Task item:
Take the line that contains "Used 2025 Chevrolet" and each line after it to the end of the data below, and set them down exactly, omitting pictures.

──────── Input for this task

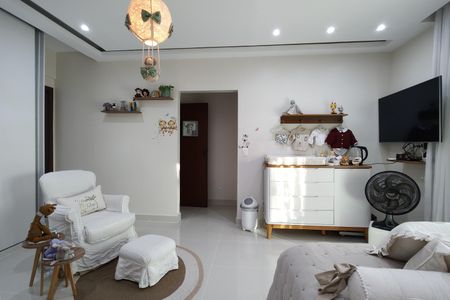 Casa de condomínio à venda com 650m², 4 quartos e 4 vagas Casa de condomínio à venda com 650m², 4 quartos e 4 vagasSuíte 4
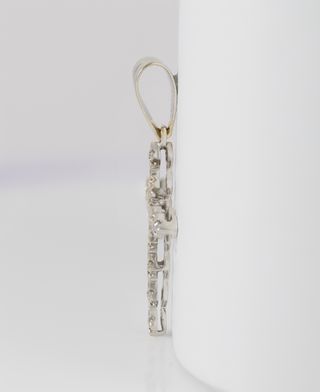 Colgante cruz antiguo en oro blanco 18k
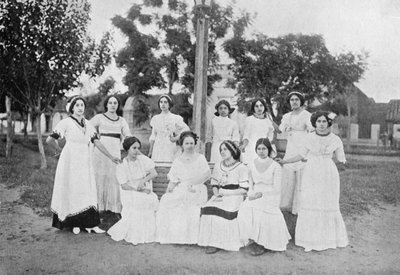Paraguayi nők csoportja, Carapegua, Paraguay, 1911 alkotó: Unbekannt
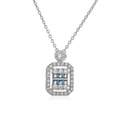 Macro d'un collier en argent avec pierre rectangulaire bleue et oxydes de zirconium - Métal Argenté/Zircone Bleue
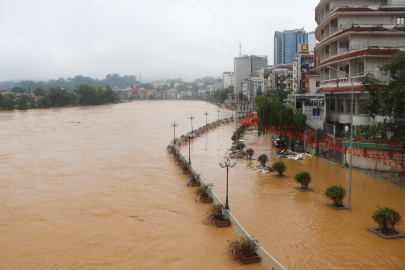 Vietnam'da şiddetli yağışların yol açtığı sel: 10 ölü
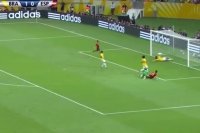 داوید لوئیز دروازه را نجات می دهد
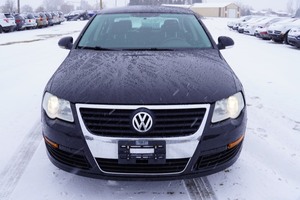 lot 23 image: 2008 Volkswagen Passat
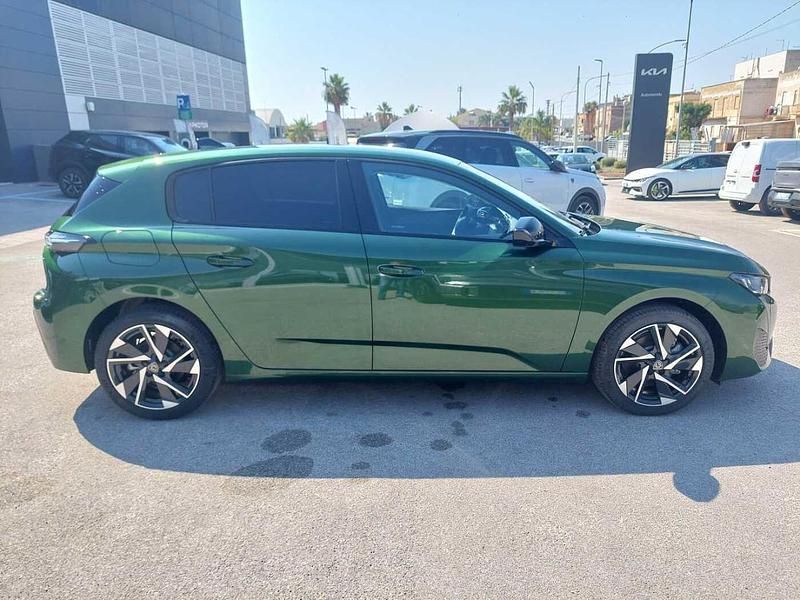 Nuova Peugeot 308 Allure 135 CV (99 kW) 2025 Verde Berlina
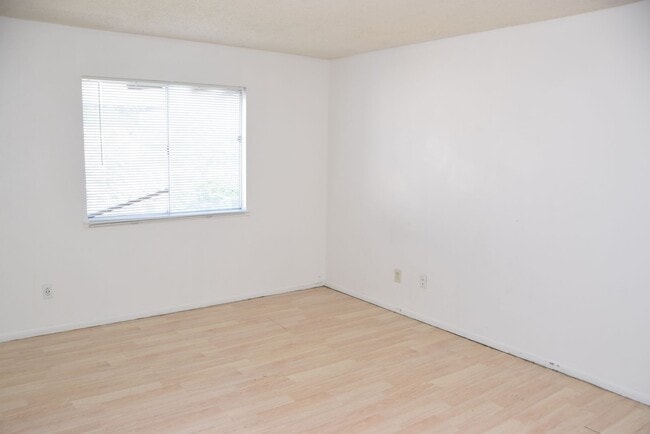 Building Photo - 5267 Retablo Ave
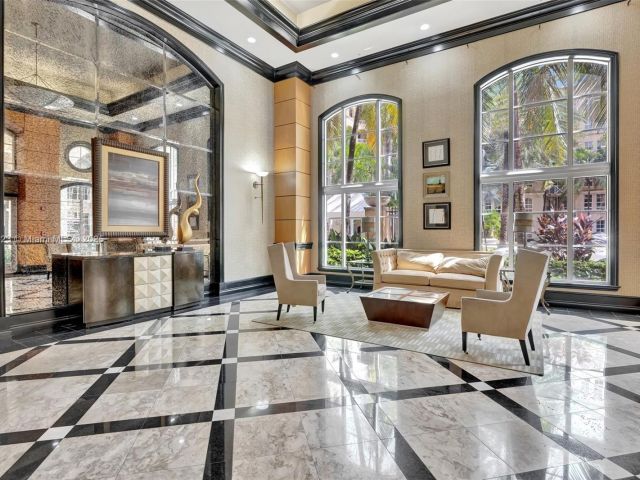 2-bedroom condo for sale in Aventura - 3001 NE 185th St 114 - MondialRealty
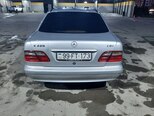 Mercedes E 220-2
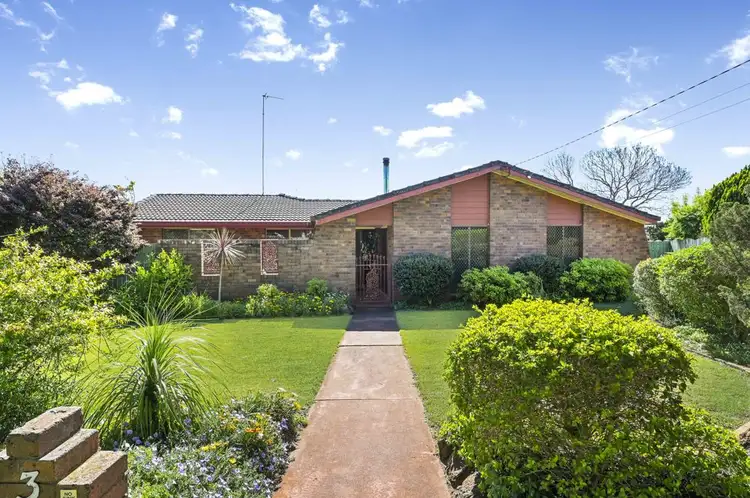 3 Azalea Court, Centenary Heights QLD 4350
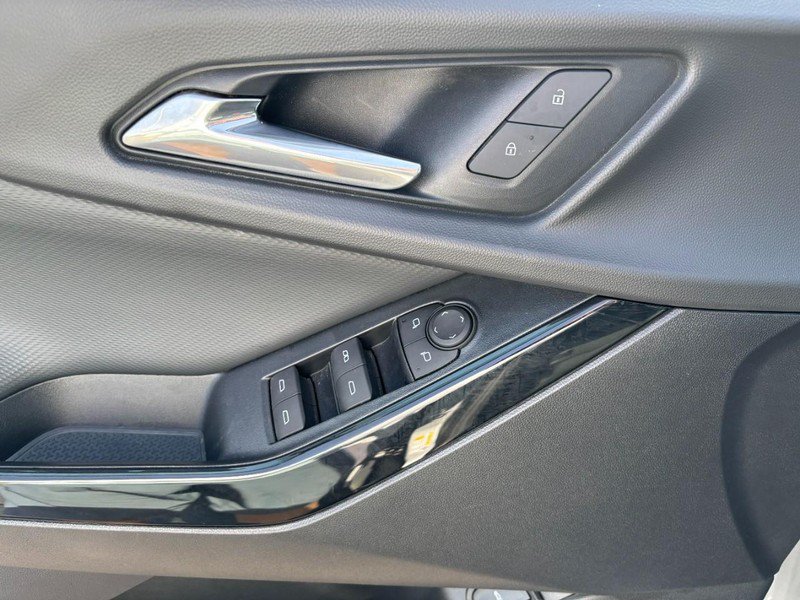 Used 2025 Chevrolet Equinox LT w/ Convenience Package II FWD image 10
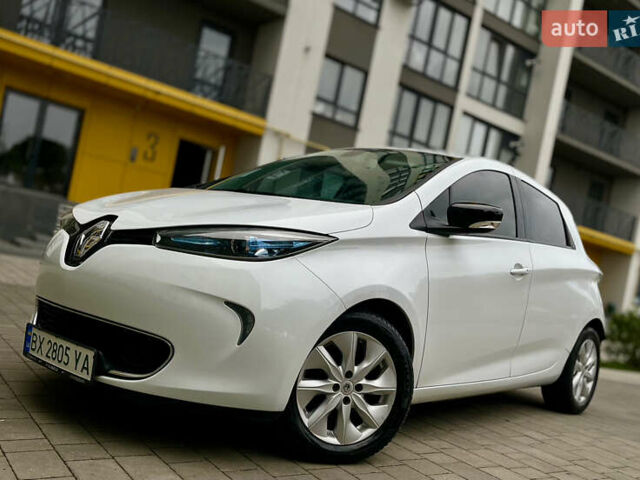 Белый Рено Зое, объемом двигателя 0 л и пробегом 108 тыс. км за 6499 $, фото 1 на Automoto.ua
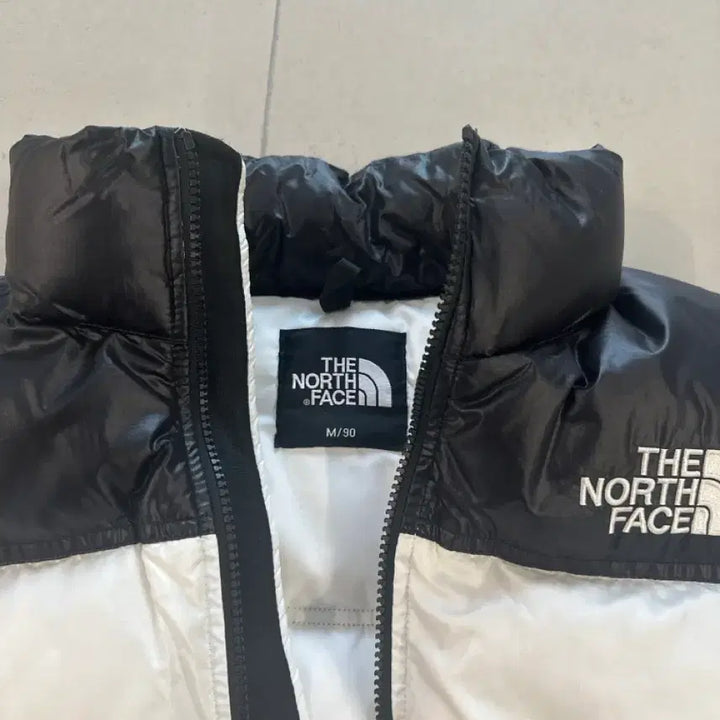 [BUNJANG] North Face White Label Nuptse Short Jacket White 90M Size / (W) 노스페이스 화이트 라벨 눕시 숏 자켓 화이트 90M사이즈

────────────────

Result:
 Used 2025 Chevrolet Equinox LT w/ Convenience Package II FWD image 10
 Белый Рено Зое, объемом двигателя 0 л и пробегом 108 тыс. км за 6499 $, фото 1 на Automoto.ua
 [BUNJANG] North Face White Label Nuptse Short Jacket White 90M Size / (W) 노스페이스 화이트 라벨 눕시 숏 자켓 화이트 90M사이즈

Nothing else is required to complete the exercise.